Closed ErikSolveson closed 2 years ago
I suspect the process could be hanged in a loop:
We could test this hypothesis by adding the parameter: setMaximumCrawlCount(100)
, adding a limit to the number of URLs that will be crawled.
By default, the crawler continues until it has crawled every page of the supplied URL. If you want to limit the amount of urls the crawler should crawl you can use the setMaximumCrawlCount method.
Crawler::create()
->setMaximumCrawlCount(5)
I can take a look at this later this week, but cc @nickpagz in case he has a chance to take a look sooner.
Hi @ecairol - Just wondering if you had anu update on setting the maximum pages for the crawler.
I'm not sure where to add the setMaximumCrawlCount()
method, but I could take a swing if you point me in the right direction.
Thanks,
@ErikSolveson sorry, this took longer than expected.
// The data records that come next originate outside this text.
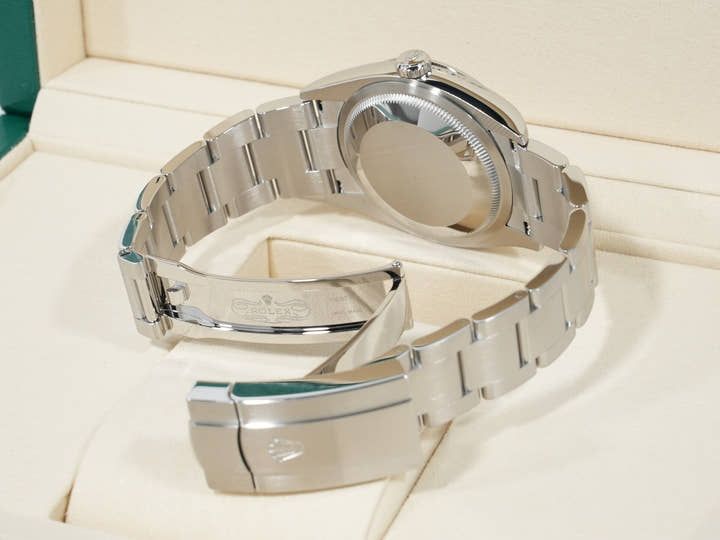 Rolex Oyster Perpetual 36  Reference 126000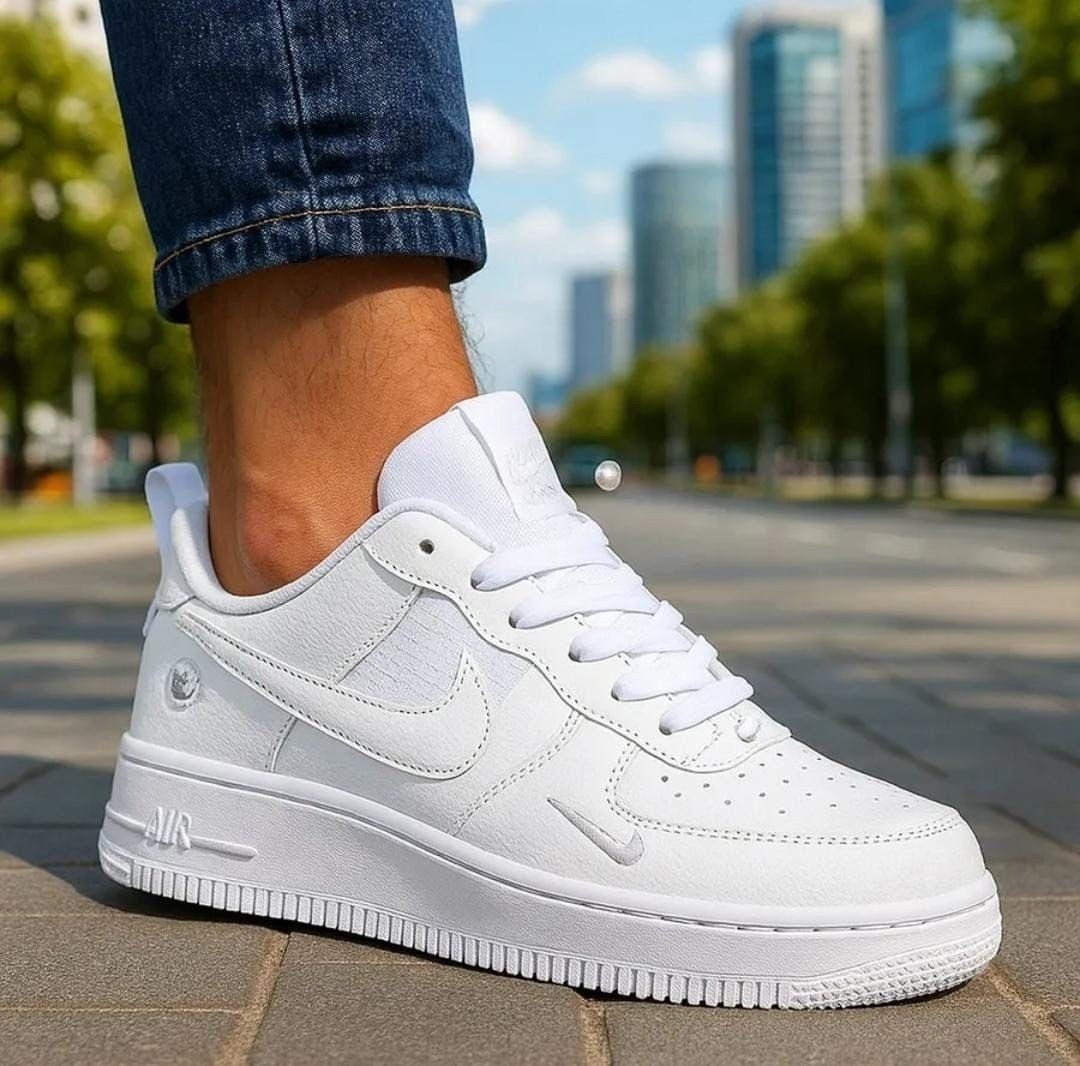 кроссовки nike air force 1 форсы белые кеды,кроссовки air force low 1 форсы кеды nike,кроссовки женские nike air force 1,кроссовки мужские женские,кроссовки найк аир форс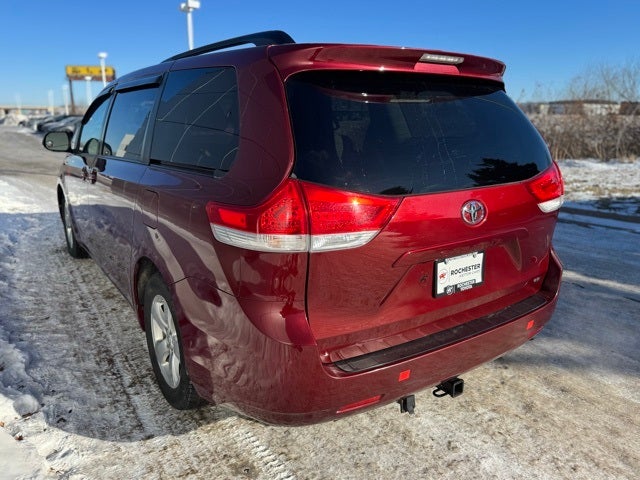 2014 Toyota Sienna LE FWD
I've set the max crawl count to 3000 links. That means, the crawler won't keep running forever but as soon as it evaluated 3000 links, it will stop and render the report. This value is set on the code, and it's not a final solution, but it proves my initial guess of what was happening. The tool found 125 broken links.
While it's not a definite solution it makes the plugin functional for Tim blog, however, an actual fix needs to be developed:
What I suspect is happening is that the crawler hangs in a loop, probably in the pagination/categories links, jumping from one link to the previous one. A hard stop on 3000 links is a workaround but doesn't address the root problem.
Another option we could evaluate is to start the crawler from a sitemap index and don't go any level deep (this is related to https://github.com/a8cteam51/team51-link-checker/issues/2)
Hi @ecairol - Thanks for the update!
I see the link report that was generated and I downloaded the .csv if you want to run another test using this site.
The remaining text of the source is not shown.